Our Chairman and Board have been busy mounting pictures of “Ghosts Over the Boiler: Voices from Alabama’s Death Row” on poster boards to be displayed in our “library”. Not only inmates but also staff are taking an interest and are obviously impressed. We are also hearing from friends and relatives who listened to our voices on their cell phones and hope that many will follow their example. The exhibit runs through October and will be at different libraries during that time. But we have amazing news that this will not be the end of this exciting exhibit. Dr. Katie Owens-Murphy spoke with the UNA Archivist about the possibility of our organization having a permanent archive at UNA. When we were asked whether this would be of interest to us the answer was of course a resounding: YES! We have our work cut out for us assembling 30 years worth of our history but it will be a very meaningful task because so many who were part of those years are no longer with us.

Today the Chairman and Board are having orientation for the latest newcomer to death row. It is always a possibility that the man might become a new phadp member but what is important is that he will be given valuable information about the importance of staying on top of his legal issues and other tips on death row survival.

Our Board shares some of their more interesting exchanges with the free world. A recent supporter who joined us after the article about us in The Nation is Toby Lafferty who lives in Salt Lake City. Toby heads up Books Inside, an organization which was started in 2009 and which provides books across the country to jails and prisons. It has 45 members of which 15 are on the outside, all volunteer and 30 are on the inside.

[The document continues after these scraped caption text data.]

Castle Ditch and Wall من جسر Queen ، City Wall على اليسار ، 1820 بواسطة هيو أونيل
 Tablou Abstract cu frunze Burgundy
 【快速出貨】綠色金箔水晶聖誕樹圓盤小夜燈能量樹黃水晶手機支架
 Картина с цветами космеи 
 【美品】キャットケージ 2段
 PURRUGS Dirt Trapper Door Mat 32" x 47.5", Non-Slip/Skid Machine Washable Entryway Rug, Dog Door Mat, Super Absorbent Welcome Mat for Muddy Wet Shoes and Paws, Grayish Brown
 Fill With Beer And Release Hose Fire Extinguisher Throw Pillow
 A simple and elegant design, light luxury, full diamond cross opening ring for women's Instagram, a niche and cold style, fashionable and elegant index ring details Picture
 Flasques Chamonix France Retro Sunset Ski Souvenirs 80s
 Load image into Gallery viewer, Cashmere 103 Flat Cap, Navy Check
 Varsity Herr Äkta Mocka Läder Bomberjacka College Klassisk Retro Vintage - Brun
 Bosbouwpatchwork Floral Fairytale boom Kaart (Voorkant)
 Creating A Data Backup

It is interesting to note that 85% of juveniles who interface with the court system in this country are functionally illiterate and that more than 70% of the over 2 million people currently incarcerated read below 4th grade level.

On Monday the U.S. Supreme Court’s new term opened with arguments on unanimous juries and insanity as a criminal defense. It rejected an Alabama case where the jury had voted  8-4 for a life sentence but was overridden by the judge who had imposed the death penalty. The Court however did not rule out that this could be litigated with the lower courts. 

 We continue to thank anonymous donors who gave by going to our website and using the “donate” button and of course also those who gave directly. We thank all who believe in what we do and stand with us. You make a difference!